The Burrows-Wheeler transform, revisited
In my previous post, I discussed the Burrows-Wheeler transform, and embedded an HTML form on the page which dynamically computed the forward and inverse Burrows-Wheeler transforms with an additional move-to-front compression step. My initial implementation of this form was done in pure JavaScript with no particular care for efficiency, and in particular used \(O(n^2 \log n)\) space and time. The new implementation on the same page reduces this complexity to \(O(n \log n)\) time and \(O(n)\) space, making the form usable on larger texts. It is possible, as noted in the paper of Gil and Scott, that this time complexity can be reduced to \(O(n)\) by using linear time suffix array construction algorithms.
The new implementation has been rewritten in TypeScript, which makes it much easier on the eyes. The full source code is available on GitHub.

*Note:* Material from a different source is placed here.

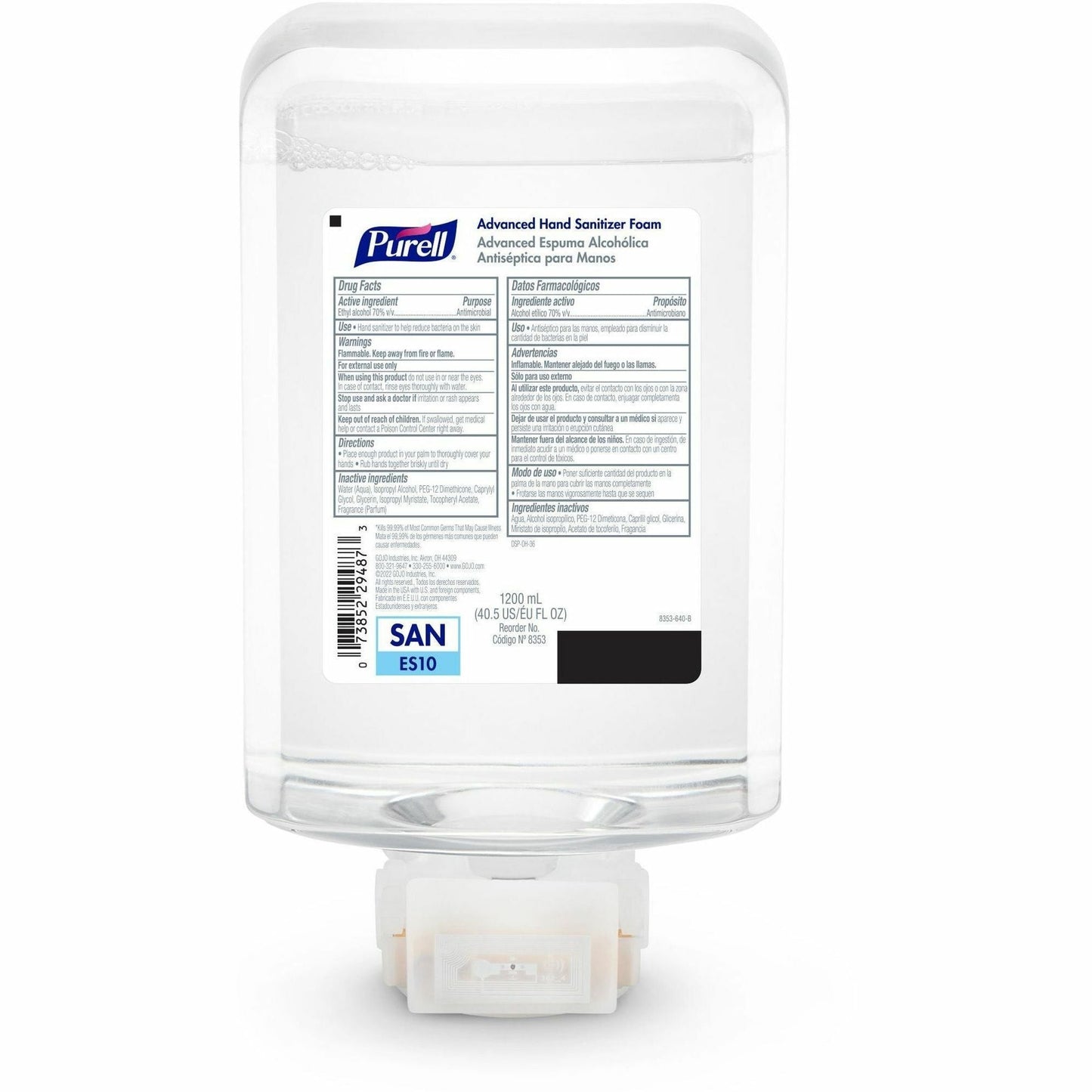 purell-r-8353-advanced-hand-sanitizer-foam-refill-40-6-fl-oz-1200-ml-2-carton-goj835302_8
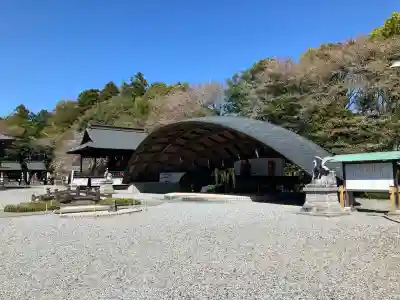 白鷺神社の{uncategorized: "未分類", other: "その他", undefined: "問題あり", building: "その他建物", grave: "お墓", sacred_gate: "鳥居", guardian: "狛犬", statue: "像", buddha: "仏像", history: "歴史", nature: "自然", garden: "庭園", animal: "動物", pagoda: "塔", temizu: "手水舎", mountain_gate: "山門・神門", sanctuary: "本殿・本堂", subordinate: "末社・摂社", art: "芸術", scenery: "景色", jizo: "地蔵", ema: "絵馬", goshuin: "御朱印", omikuji: "おみくじ", items: "授与品その他", amulet: "お守り", goshuincho: "御朱印帳", eats: "食事", festival: "お祭り", votive_dance: "神楽", shichigosan: "七五三参", wedding: "結婚式", experience: "体験その他", initially: "初詣", around: "周辺", anti_infection: "感染症対策"}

To show off the new efficiency improvements, and the efficacy of the Burrows-Wheeler transform, we can try to compress the entire text of an English translation of Dostoevsky’s Crime and Punishment, which is made available for free online thanks to Project Gutenberg. In this case, after a few seconds of execution on my laptop, we can observe the completed transformation. A visual inspection of the BWT itself reveals long chunks of repeated characters throughout. The following tables contains statistics on the resulting compression:
Bit Count | Compression Ratio | |
---|---|---|
Original (UTF-8) | 9,434,200 | 1.00 |
MTF | 8,122,221 | 0.86 |
BWT+MTF | 3,336,189 | 0.35 |
How does the Burrows-Wheeler transform perform on texts written in a different language? In my personal experience, French text is absolutely full of extraneous characters, especially e’s, a’s, u’, and s’s, so this might suggest the Burrows-Wheeler transform to be effective in compressing French text. We ran the algorithm on Zola’s Germinal:
Bit Count | Compression Ratio | |
---|---|---|
Original (UTF-8) | 8,415,728 | 1.00 |
MTF | 7,188,574 | 0.85 |
BWT+MTF | 2,947,192 | 0.35 |
Interestingly, the compression behaved almost identically as on the English text!
We also consider Chinese text–in this case, Romance of the Three Kingdoms. The results follow:
Bit Count | Compression Ratio | |
---|---|---|
Original (UTF-8) | 14,735,232 | 1.00 |
MTF | 7,460,164 | 0.51 |
BWT+MTF | 5,229,807 | 0.35 |
Surprisingly to me, the 35% compression ratio returns, even with the enormous number of unique characters used in the Chinese text: 4225, when compared to Crime and Punishment’s 97 and Germinal’s 103.